### EXERCISE GOAL
Pictures in the data should be dropped; transcribe exactly the lines from the one that has "Sites similar to efrfire.com" through the one that has "ScKIN Nutrition".

### TASK MATERIAL
▼

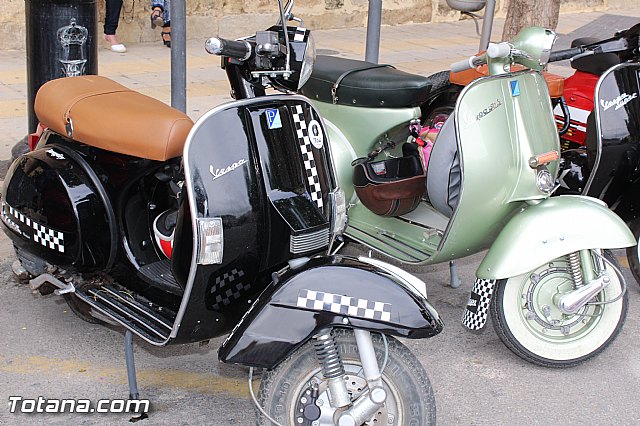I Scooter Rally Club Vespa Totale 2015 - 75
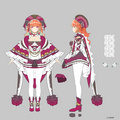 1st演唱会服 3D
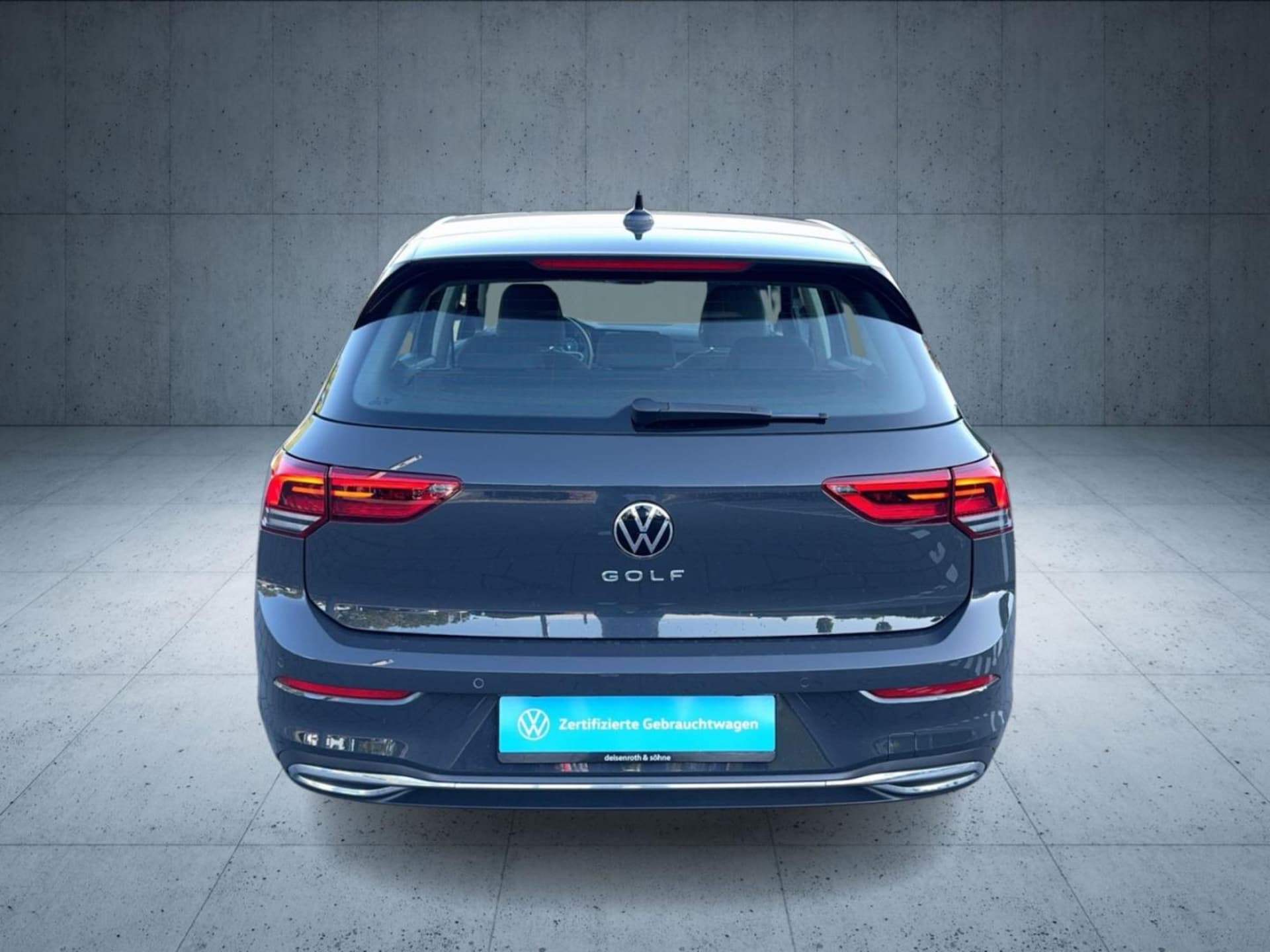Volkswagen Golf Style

▲
▼

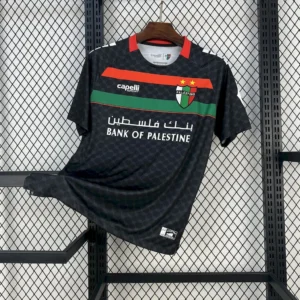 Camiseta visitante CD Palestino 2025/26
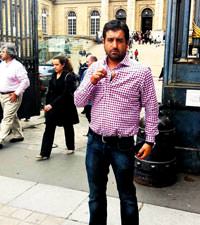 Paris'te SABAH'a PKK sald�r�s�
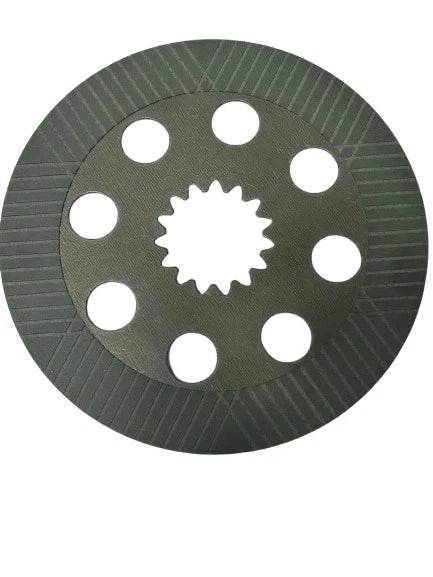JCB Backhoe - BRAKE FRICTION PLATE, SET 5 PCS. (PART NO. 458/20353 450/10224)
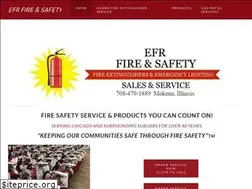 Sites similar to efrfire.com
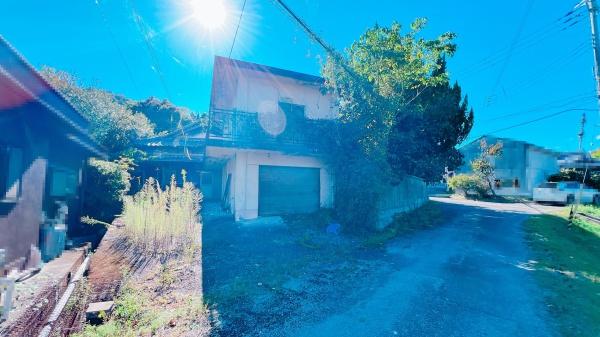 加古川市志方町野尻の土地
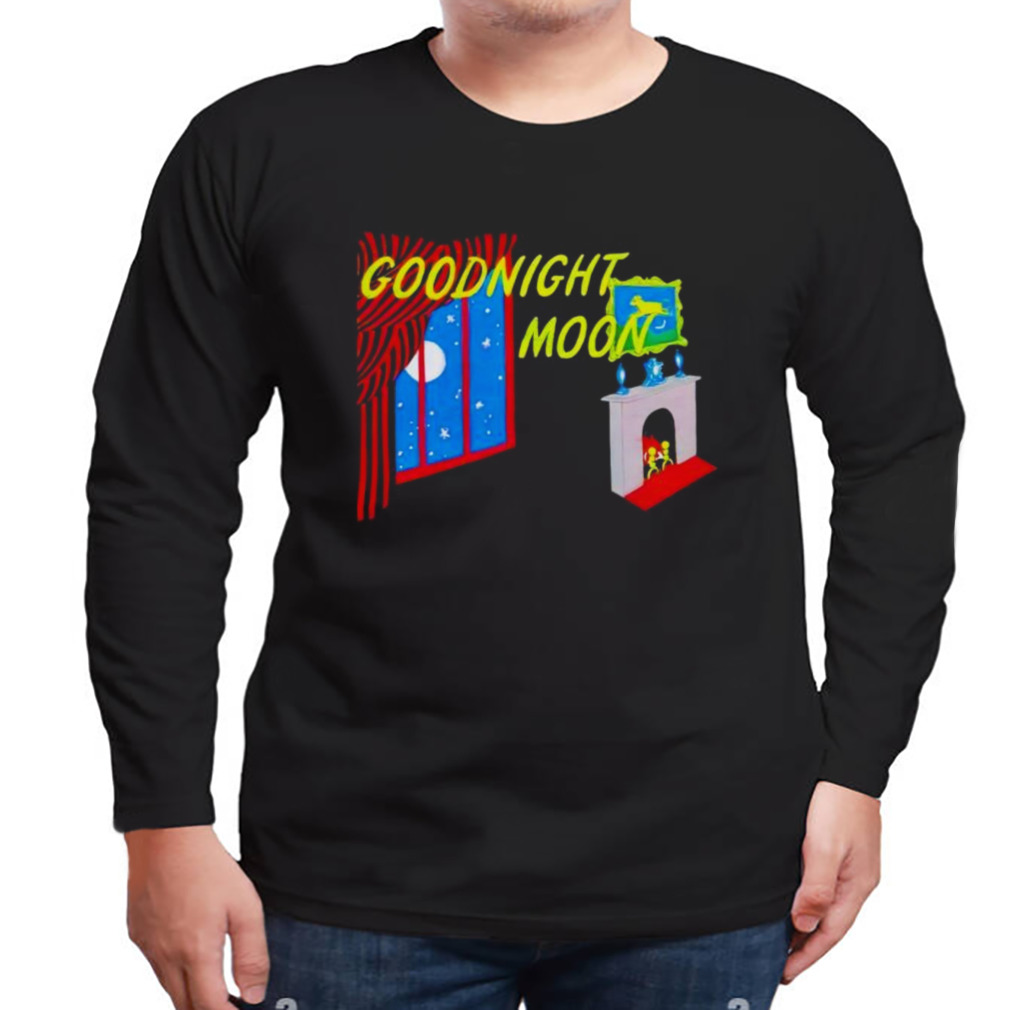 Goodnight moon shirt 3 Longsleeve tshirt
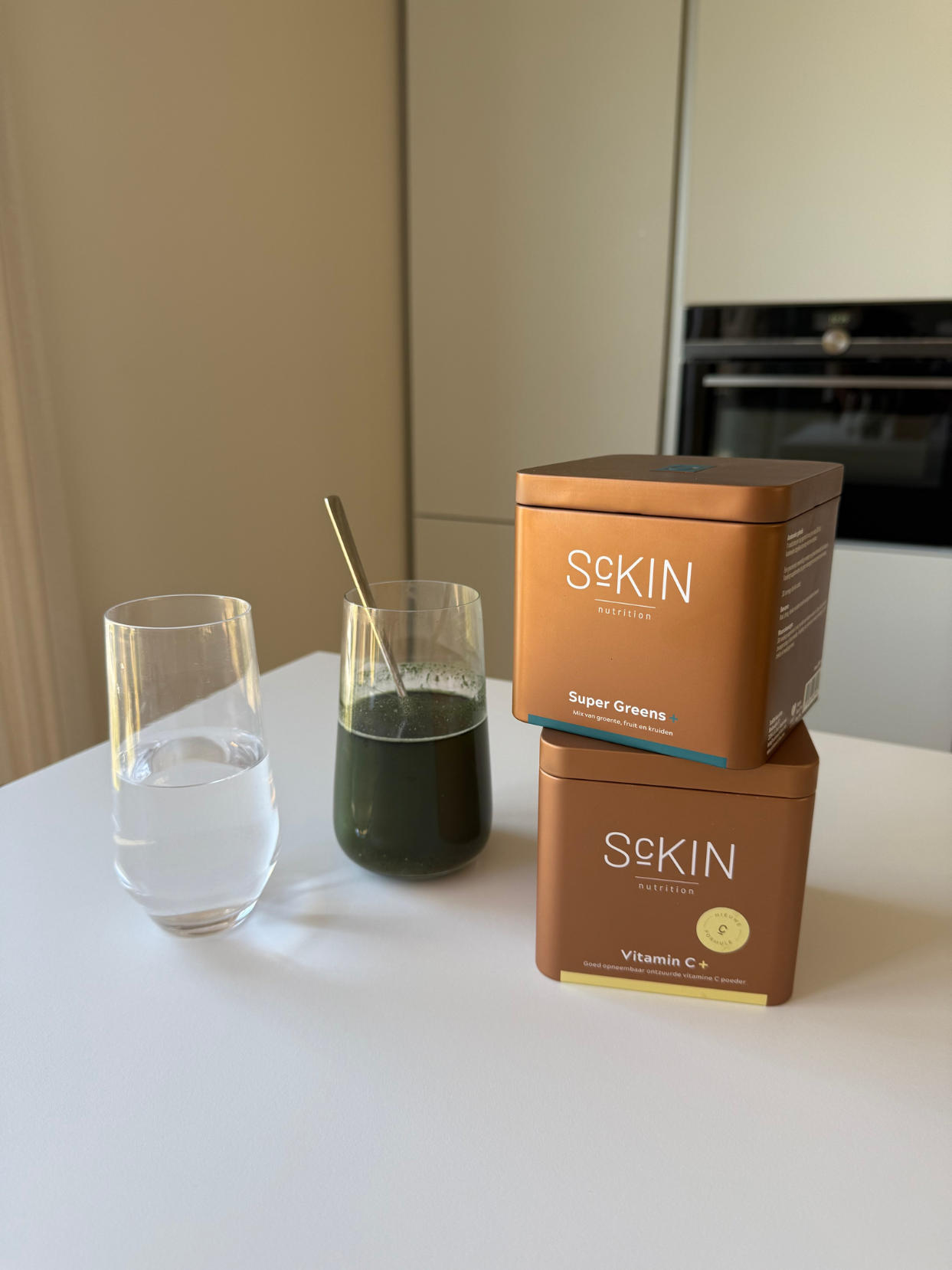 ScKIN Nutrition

▲
▼

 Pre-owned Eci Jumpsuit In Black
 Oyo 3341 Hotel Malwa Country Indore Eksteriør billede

▲

### RESULT OF THE EXERCISE
 Sites similar to efrfire.com
 加古川市志方町野尻の土地
 Goodnight moon shirt 3 Longsleeve tshirt
 ScKIN Nutrition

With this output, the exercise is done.